Tuve que pelear por él. Y utilicé todas mis armas.
Convencí, rogué, recordé pactos y hasta lo retuve en mis brazos negándome a entregarlo, fingiendo llorar. Valió la pena…finalmente el carnicero me lo regaló y su hermanito, enfurecido, me odió para siempre. Nunca más jugamos.
Era un cachorrito tibio, color café con leche. Un caschicito que de grande, con altura mediana, tuvo porte de galán. Lo llamamos Batuque.
Lo más cerca que había visto un cachorrito fue una vez cuando una de las perras de mi abuela tuvo 9 al hilo y ella, ni bien nacían los metía en un fuentón con agua. “Para que no sufran”- me decía- “así ni se dan cuenta, no pueden salir a rodar por la vida y yo no los puedo tener”, “¿y les duele?”, “no, ni se enteran, mirá, ni abrieron los ojitos” Una asesina serial, sin dudas…a la que amé tanto, que todo le disculpaba mi corazón niño.
Pero Batuque fue otro cantar. Se convirtió en el primer perro de la familia, el que nos acompañaba al almacén y a cuanta travesura infantil iniciábamos con mis hermanas, el que nos defendía de cualquier extraño, el que no dejaba que ningún perro se acercara.
Un malevo honorable, nuestro hermano.
Tuvo una larga y feliz vida, comiendo lo mismo que nosotros y algunos días de fiesta, un puñado de alimento balanceado.
A partir de él, muchos fueron los animales que integraron la familia.
Pero el mundo cambia y las costumbres se modifican. A veces.
El último día del animal, entré a una veterinaria y me detuve a observar un caniche al que bañaban y secaban con esmero insólito y ví en sus ojos el agobio del adolescente obligado a ir a la peluquería.
Ahí nomás entró una mechudita en el bolso de su dueña, al mejor estilo Paris Hilton de estos cerros, con una colita rosa levantándole el flequillo. Sus ojitos de nena despótica, me observaron desafiantes, un segundo.
Más allá, toda una pared de juguetes para perros, un perchero con la moda otoño-invierno, collares con brillitos, camas y almohadones fashion, zapatitos y fardos de alimentos de valores obscenos.

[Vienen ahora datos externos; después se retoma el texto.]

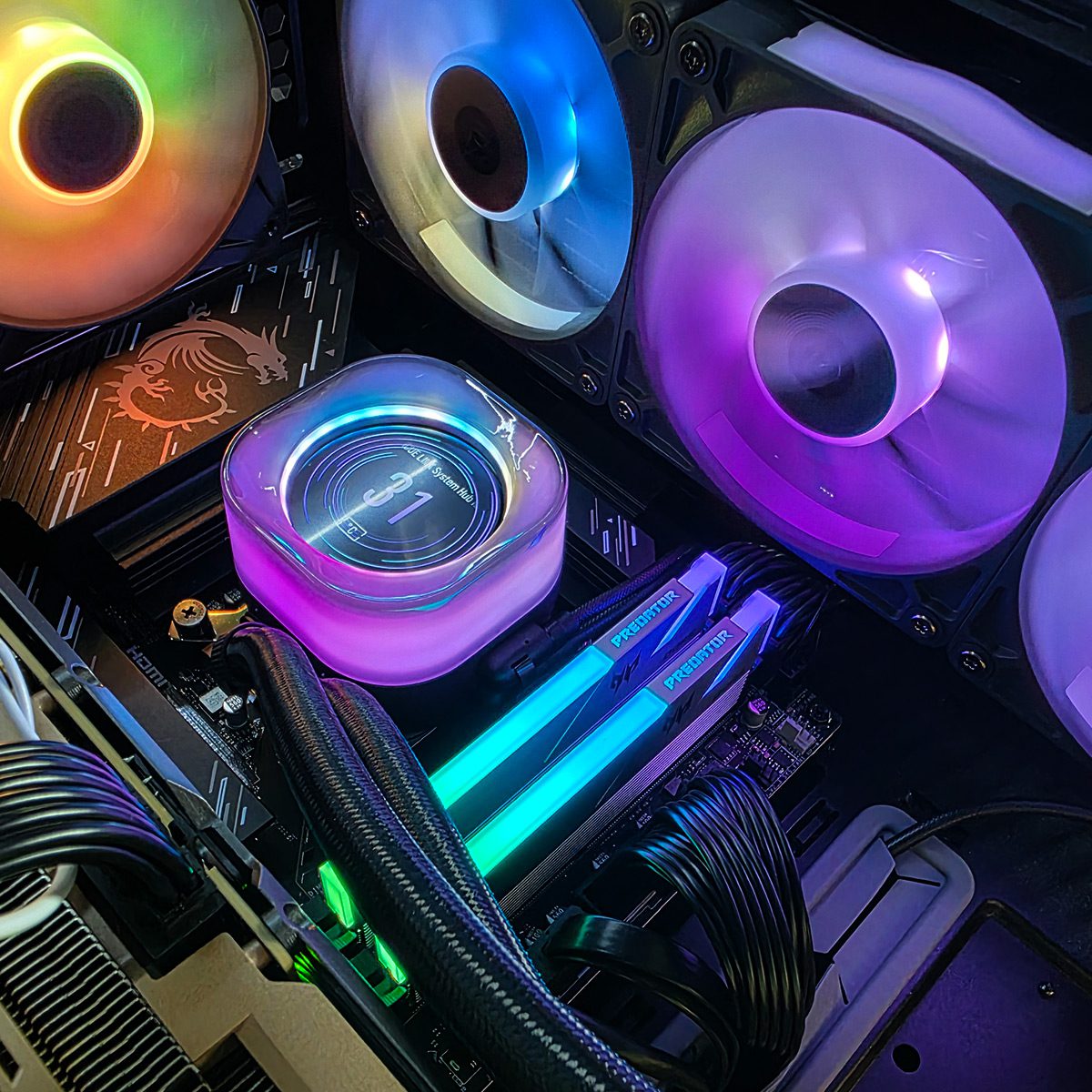 PC Gamer Ultra 9 RTX 5080 Zotac - Bulltech Store - Tienda en CDMX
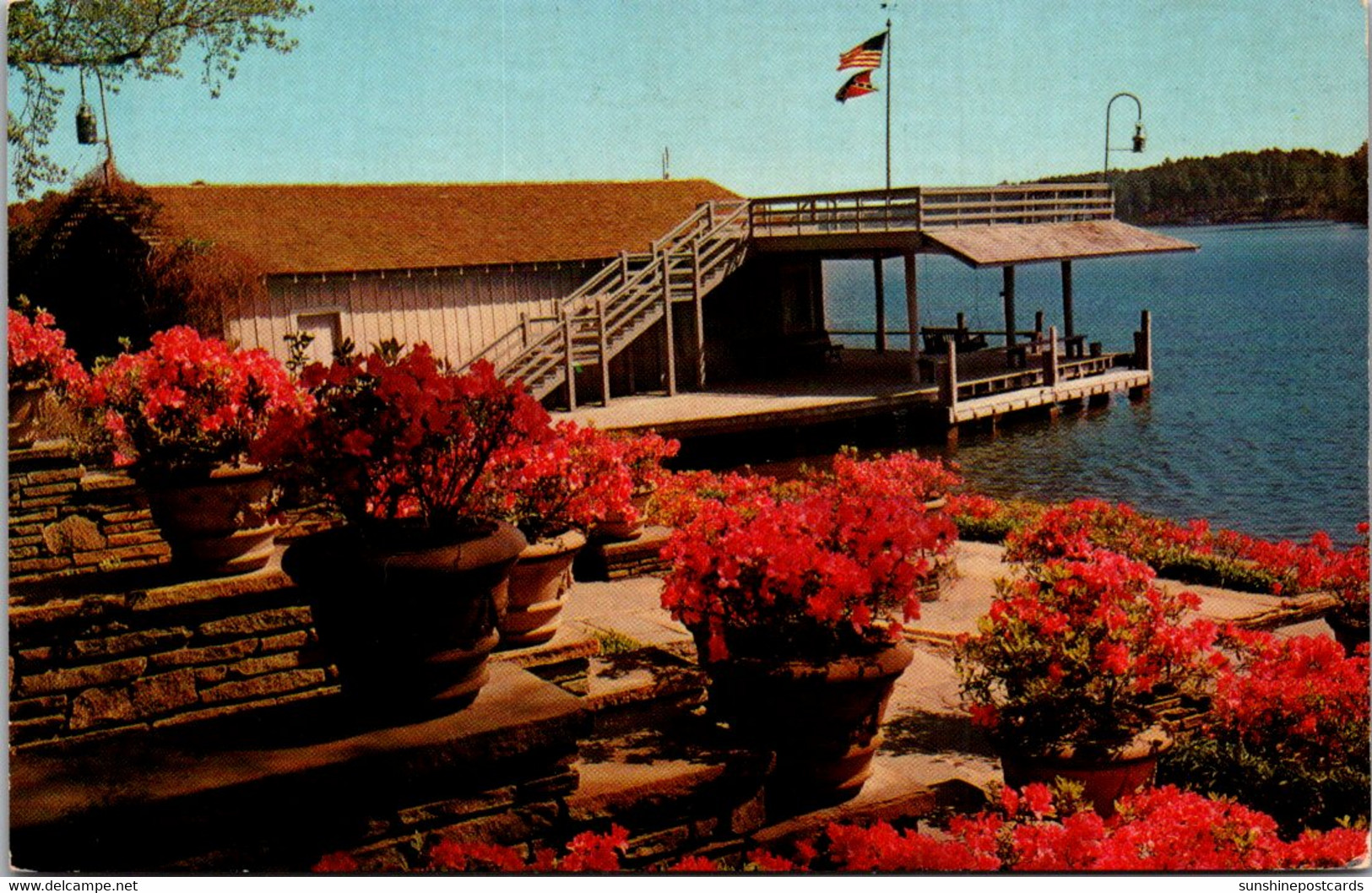Alabama Mobile Bellingrath Gardens Boat House - Mobile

Dicen además, que pronto llegan las urnas funerarias para cenizas de mascotas.
Todos los arreglos y los afeites de la época, también para ellos, porque el mundo cambia y las costumbres se modifican. A veces.
Los perros van elegantes, portados por sus dueños, muchos de los cuales aún no se enteraron que tienen que llevar bolsita para levantar sus heces. Porque no son perritos de vitrina, tienen sus necesidades que no pasan por la manía humanizante que hoy nos condiciona.
Y uno camina por las calles salteñas, esquivando soretes todo el tiempo y, sin embargo, el pasado sábado, durante el último Día del Animal, las peluquerías de perros estuvieron de parabienes, sin turnos disponibles.
Los especialistas dicen, que se trabajó tanto o más que el sábado anterior cuando las esteticistas de la ciudad, peluqueras, depiladoras y manicuras de personas, prepararon con gran afán a las niñas que concurrieron al “baile de señoritas” de un tradicional club salteño, donde fueron presentadas en sociedad, “portadas” por lindos jóvenes que algún día serán quizás, sus maridos.
Hay costumbres que cambian. Otras, se mantienen petrificadas en el tiempo.
Devaneos de gran ciudad, cuando seguimos siendo aldea.